Yargıtay 19. Hukuk Dairesi 2012/15051 Esas 2013/1223 Karar Sayılı İlamı

Abaküs Yazılım
19. Hukuk Dairesi
Esas No: 2012/15051
Karar No: 2013/1223
Karar Tarihi: 23.01.2013

Yargıtay 19. Hukuk Dairesi 2012/15051 Esas 2013/1223 Karar Sayılı İlamı

19. Hukuk Dairesi         2012/15051 E.  ,  2013/1223 K.

    "İçtihat Metni"

    MAHKEMESİ :Asliye Hukuk Mahkemesi

    Taraflar arasındaki itirazın iptali davasının yapılan yargılaması sonunda ilamda yazılı nedenlerden dolayı davanın kısmen kabulüne, kısmen reddine yönelik olarak verilen hükmün süresi içinde davacı vekilince temyiz edilmesi üzerine dosya incelendi, gereği konuşulup düşünüldü.

    - K A R A R -

    Davacı vekili müvekkilinin davalılar aleyhine 04.09.2003 vade tarihli 8.000 TL bedelli, alacaklısı müvekkili borçlusu davalı ..., kefili diğer davalı ... olan senede dayalı olarak icra takibi yaptığını, davalıların haksız itirazı nedeniyle takibin durduğunu ileri sürerek itirazın iptaline, %40 tazminata karar verilmesini talep ve dava etmiştir.
    Davalılar, davaya cevap vermemiştir.
    Mahkemece, senedin ödeme tarihinin 04.09.2003, takip tarihinin ise 26.09.2011 olduğu, zamanaşımına uğradığı yazılı delil başlangıcı teşkil ettiği, davacı tanıklarının davacı ile davalı ... arasında taşınmaz satışı gerçekleştiği, buna karşılık davacının davalı ...’e senet bedeli kadar ödeme yaptığı ancak taşınmazın tapuda yapılacak devrinin teminatı için davalı ...’in davacıya davaya konu senedi verdiği, senette rakamla bedel hanesinde 8.000.000.000 TL, yazıyla bedel hanesinde ise sekiz milyon TL yazdığı, T.T.K’nun 558. maddesi gereğince bononun rakam ve yazıyla yazılı bedelleri arasında çelişki ve farklılık bulunması halinde bononun yazıyla bedel yazılı kısmına değer verileceğinin düzenlendiği buna göre davacının davalıdan 8,00 YTL alacaklı olduğu gerekçesiyle davanın kısmen kabulüne, davalıların bu miktara yaptıkları itirazın iptaline, %40 oranında icra inkar tazminatının davalılardan tahsiline karar verilmiş, hüküm davacı vekilince temyiz edilmiştir.
    Dosyadaki yazılara kararın dayandığı delillerle gerektirici sebeplere, delillerin takdirinde bir isabetsizlik bulunmamasına göre, davacı vekilinin yerinde görülmeyen bütün temyiz itirazlarının reddiyle usul ve kanuna uygun bulunan hükmün ONANMASINA, aşağıda yazılı onama harcının temyiz edenden alınmasına, 23.01.2013 gününde oyçokluğuyla karar verildi.

    KARŞI OY YAZISI

    Dava, zamanaşımına uğramış bonoya dayalı alacağın tahsili için girişilen icra takibine yönelik itirazın iptali istemine ilişkindir.
    Davacı, dava konusu bononun lehdarı, davalılardan ... borçlusu, diğer davalı ... ise aval verenidir.

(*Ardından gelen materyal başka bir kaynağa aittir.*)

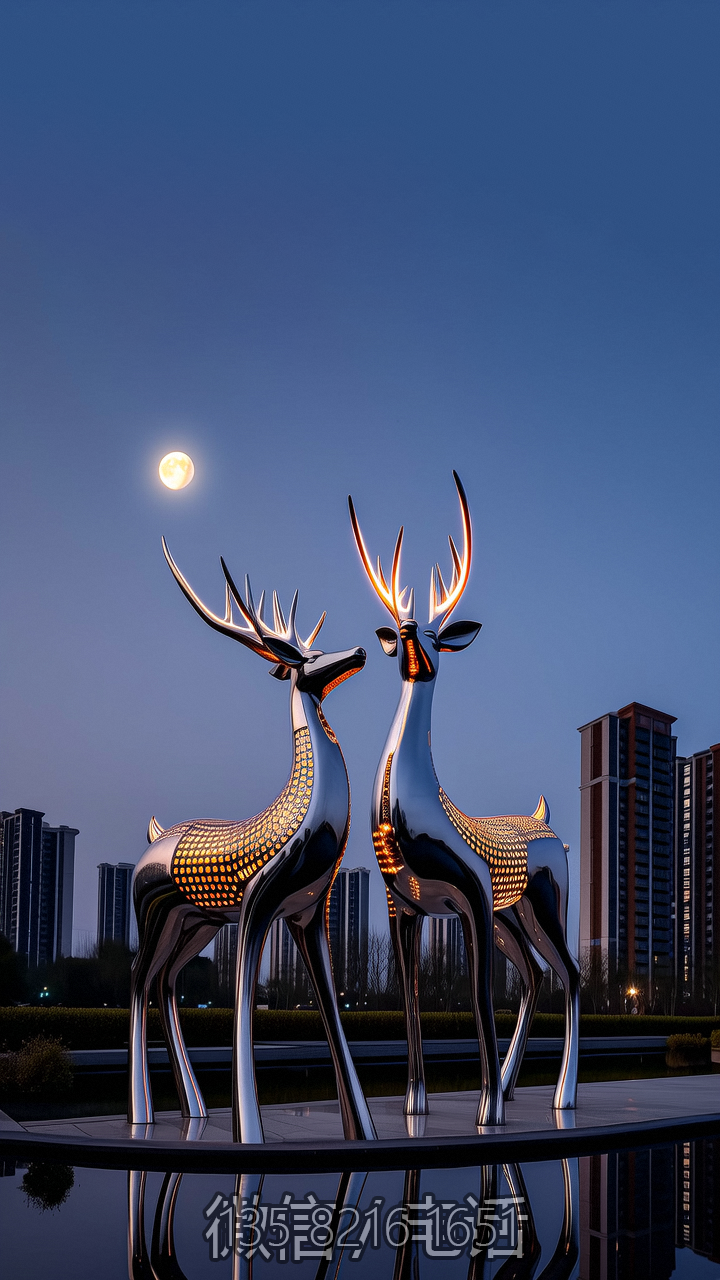 創意不銹鋼小鹿雕塑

Bononun zamanaşımına uğradığı ve yazılı delil başlangıcı niteliğinde olduğu yerel mahkemenin de kabulündedir.
    Tarafların bonodaki sıfatları gözetildiğinde, davacı ile senet borçlusu olan davalı ... arasında temel ilişki bulunduğunun kabulü gerekir. Zamanaşımına uğramış olan bono temel ilişki yönünden yazılı delil başlangıcı niteliğinde olduğundan davacı, temel ilişkiden doğan alacağını (tanık dahil) her türlü delille kanıtlayabilir. Böyle bir durumda artık, zamanaşımına uğrayan ve bu nedenle kambiyo hukukundan kaynaklanan hakların yitirilmesine neden olan dava konusu bono yönünden 6762 sayılı TTK.nun 690.maddesi yollamasıyla 588/1.maddesi hükmünün uygulanabilirliği bulunmamaktadır. Somut olayda davacı, alacak miktarı da dahil olmak üzere alacağını her türlü delille kanıtlayabilir.
    Olayların açıklanması taraflara, hukuki nitelendirmesi hakime aittir. Duruşmada dinlenen davacı tanıklarının beyanlarından davacının davalı ...’den tapu dışı işlemle tarla satın aldığı ve satış bedeli olarak ödediği 8.000 (eski parayla 8 milyar) TL.karşılığında teminat olmak üzere dava konusu senedin düzenlendiği, satışa konu taşınmazın resmi satışının gerçekleşmemesi nedeniyle bu bonodan dolayı 8.000 TL.alacaklı olduğu anlaşılmaktadır.
    Her ne kadar icra takibinde işlemiş faiz talebinde de bulunulmuş ise de zamanaşımına uğramış bono alacağı yönünden artık senetteki vade tarihine dayanılamaz. Takipten önce temerrüt ihtarnamesine de rastlanılmadığından temerrüt takiple gerçekleşmiştir. Bu durumda Mahkemece işlemiş faiz talebinin reddi ile asıl alacak bakımından itirazın iptali ve takibin devamına karar verilmesi gerekirken somut olaya uygun düşmeyen gerekçelerle yazılı şekilde hüküm kurulması doğru olmayıp, hükmün bozulması gerektiğini düşündüğümden sayın çoğunluğun onama yönündeki görüşüne katılamıyorum.